Some gaseous offenders richly abound in new or renovated buildings. Man-made, synthetic building materials are components of carpeting, cabinets, wallpaper, flooring, and fabrics. Common chemicals such as benzene–a carcinogenic petrochemical, and formaldehyde–a documented, pungent carcinogen are known to send “off-gas” pollutants into the interior environment. Add the possibility of second-hand tobacco smoke, and the air you’re breathing in your home or workplace can seem quite the health hazard. What steps can we take to ameliorate this situation?
- A strict no-smoking indoors policy–the only known preventive measure–protects everyone from second-hand smoke.
- When the weather is pleasant, open windows can help to distribute cleaner air from the out-of-doors. Slightly open windows, combined with fans for circulation help to keep air clean even on bad weather days.

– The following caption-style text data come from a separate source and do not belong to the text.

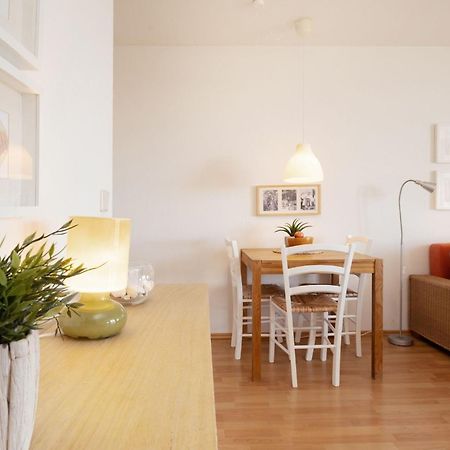 Ferienwohnung Dünenrose mit Balkon im Kaiserhof 1 Kellenhusen Exterior foto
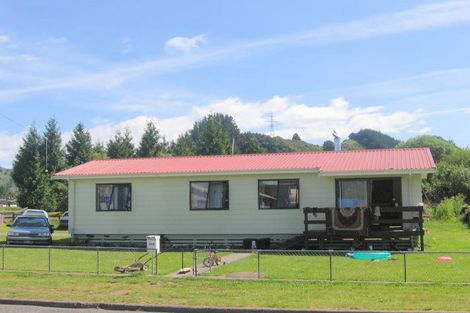 Photo of property in 229 Miro Street, Manunui, Taumarunui, 3924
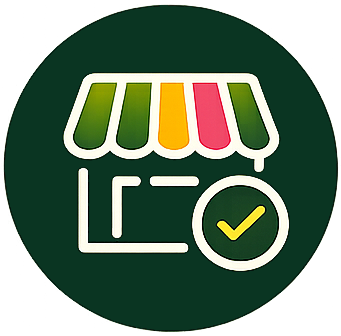 Suitable For Vegetarians - Help Restaurants, Cafés & Hospitality Venues
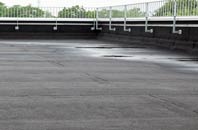find rated Ardnagoine flat roofing companies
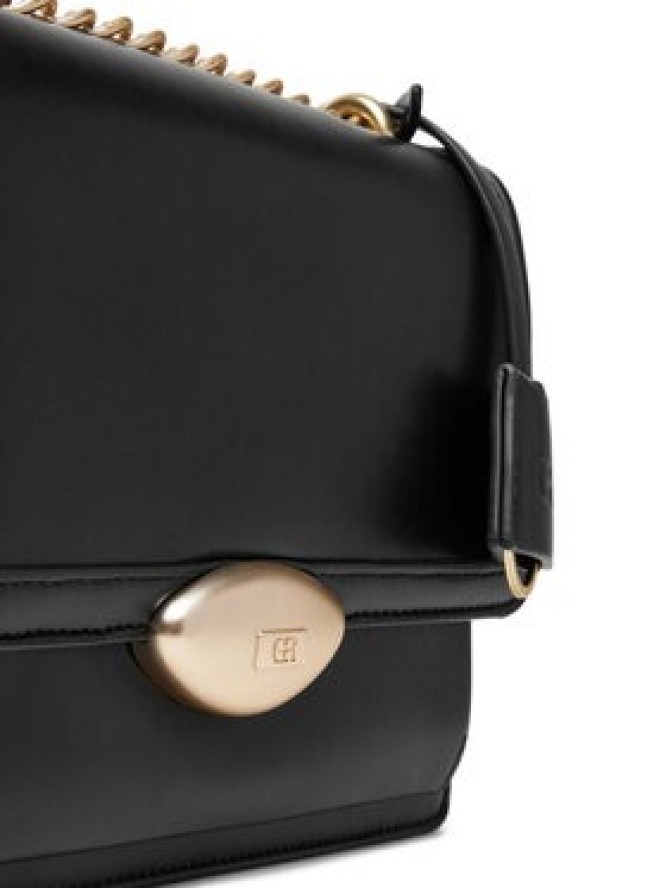 Gino Rossi Torebka CEO-PEARLA-KQ43 Czarny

- Houseplants are more than just pretty faces. Certain houseplants fight indoor pollution through their respiration, which scrubs carbon dioxide and some gasses out of the air. Pollutants are also absorbed into the soil.
- Particularly efficient air-scrubbing plants include Hedera helix (English ivy), Chlorophytum comosum (spider plant), Epipiremnum aureum (golden pothos), Spathiphyllum (peace lily), Aglaonema modestum (Chinese evergreen), Chamaedorea sefritzii (bamboo or reed palm), Sansevieria trifasciata (snake plant), Heartleaf Philodendron, Elephant ear philodendron, Dracaena, and Ficus benjamina (weeping fig).
- Houseplants add moisture to the air, which is especially beneficial in the dry winter air. However, your family’s respiratory allergies may preclude this moisture, so experiment with these beautiful and quiet air filters to see how they work.